**PROMPT:**
All lines with the word "here" in the material below are required.

**PROVIDED RECORDS:**
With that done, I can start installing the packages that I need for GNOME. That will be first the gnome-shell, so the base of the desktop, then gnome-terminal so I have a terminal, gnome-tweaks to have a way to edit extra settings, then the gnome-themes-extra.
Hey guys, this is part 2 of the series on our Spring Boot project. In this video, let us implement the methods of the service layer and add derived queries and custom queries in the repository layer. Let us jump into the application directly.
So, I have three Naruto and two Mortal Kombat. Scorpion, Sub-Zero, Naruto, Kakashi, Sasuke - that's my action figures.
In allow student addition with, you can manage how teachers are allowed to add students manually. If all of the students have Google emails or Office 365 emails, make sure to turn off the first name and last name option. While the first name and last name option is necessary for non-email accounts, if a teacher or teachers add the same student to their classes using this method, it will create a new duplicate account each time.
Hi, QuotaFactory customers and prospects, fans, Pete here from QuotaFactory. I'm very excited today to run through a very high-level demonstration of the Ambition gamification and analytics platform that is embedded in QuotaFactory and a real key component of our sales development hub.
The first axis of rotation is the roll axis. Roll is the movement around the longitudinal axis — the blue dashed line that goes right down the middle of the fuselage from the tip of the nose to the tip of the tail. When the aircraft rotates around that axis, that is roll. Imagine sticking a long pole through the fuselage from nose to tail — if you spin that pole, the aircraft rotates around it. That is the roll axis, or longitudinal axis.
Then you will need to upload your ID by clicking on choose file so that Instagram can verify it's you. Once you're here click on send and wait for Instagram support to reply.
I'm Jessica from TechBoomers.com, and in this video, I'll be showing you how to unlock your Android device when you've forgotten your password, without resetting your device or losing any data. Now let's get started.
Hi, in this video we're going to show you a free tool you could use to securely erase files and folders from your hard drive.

**TASK SOLUTION:**
Hi, QuotaFactory customers and prospects, fans, Pete here from QuotaFactory. I'm very excited today to run through a very high-level demonstration of the Ambition gamification and analytics platform that is embedded in QuotaFactory and a real key component of our sales development hub.
Then you will need to upload your ID by clicking on choose file so that Instagram can verify it's you. Once you're here click on send and wait for Instagram support to reply.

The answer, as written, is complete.